Output the listing below verbatim, but drop the images.

• **SUPPLIED MATERIAL**:
· · · · ·
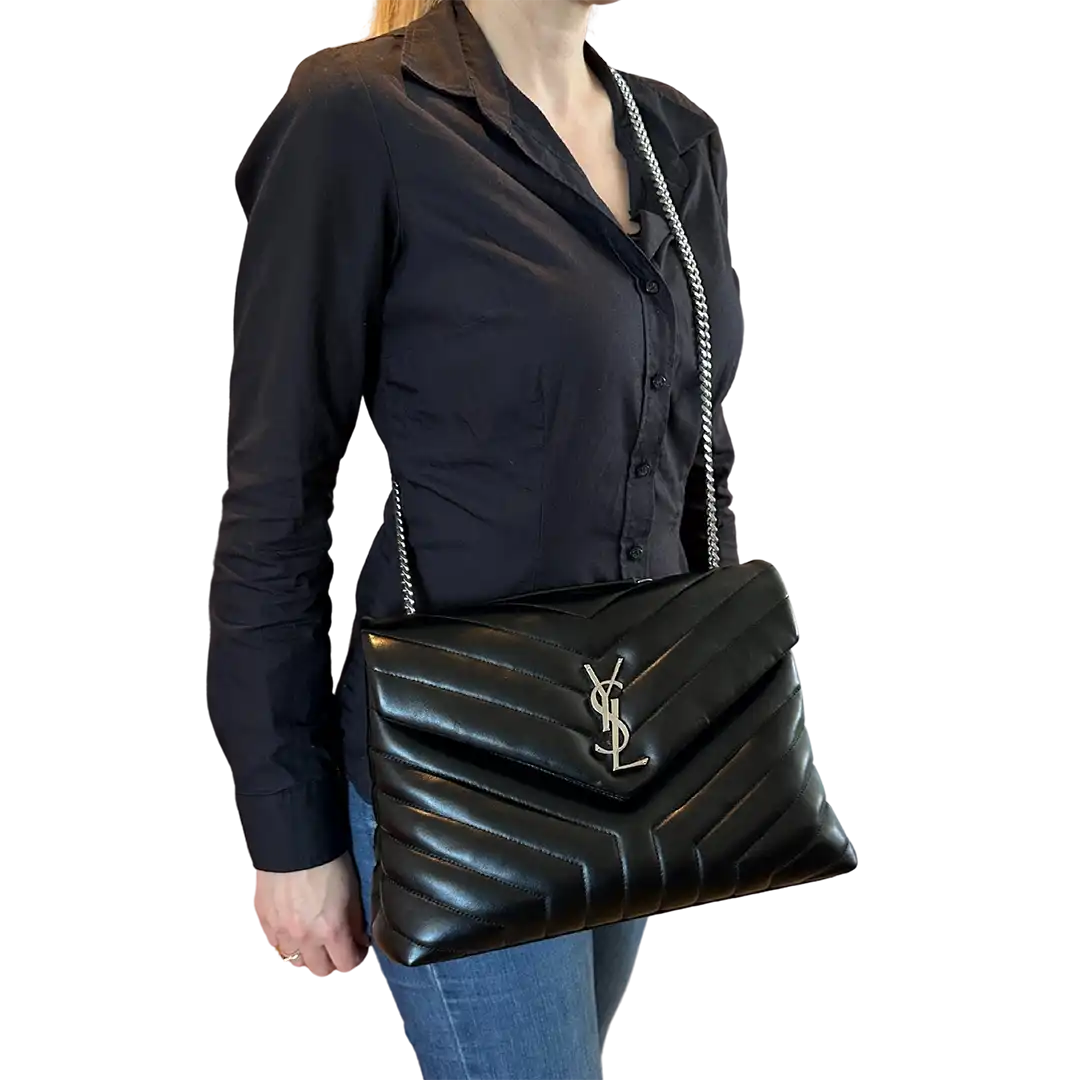 Saint Laurent YSL LouLou Medium Leder schwarz silberne Hardware / sehr gut Saint Laurent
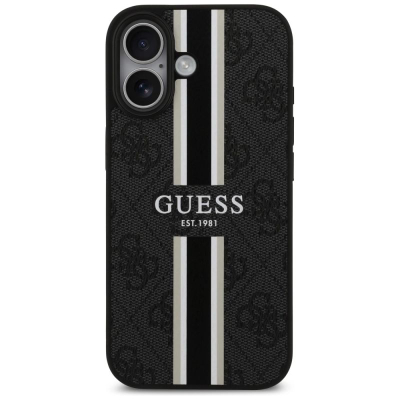 Mbulesë telefoni Guess 4G Printed Stripes MagSafe, për iPhone 17, TPU, e zezë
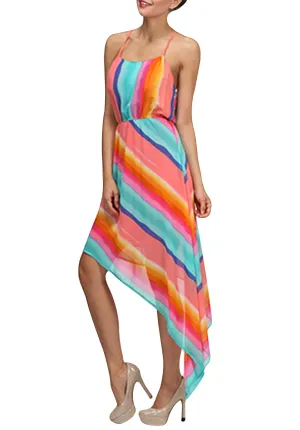 Rainbow Power Asymmetrical Hem Dress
· · · · ·
• **PROBLEM SOLUTION**:
 Saint Laurent YSL LouLou Medium Leder schwarz silberne Hardware / sehr gut Saint Laurent
 Mbulesë telefoni Guess 4G Printed Stripes MagSafe, për iPhone 17, TPU, e zezë
 Rainbow Power Asymmetrical Hem Dress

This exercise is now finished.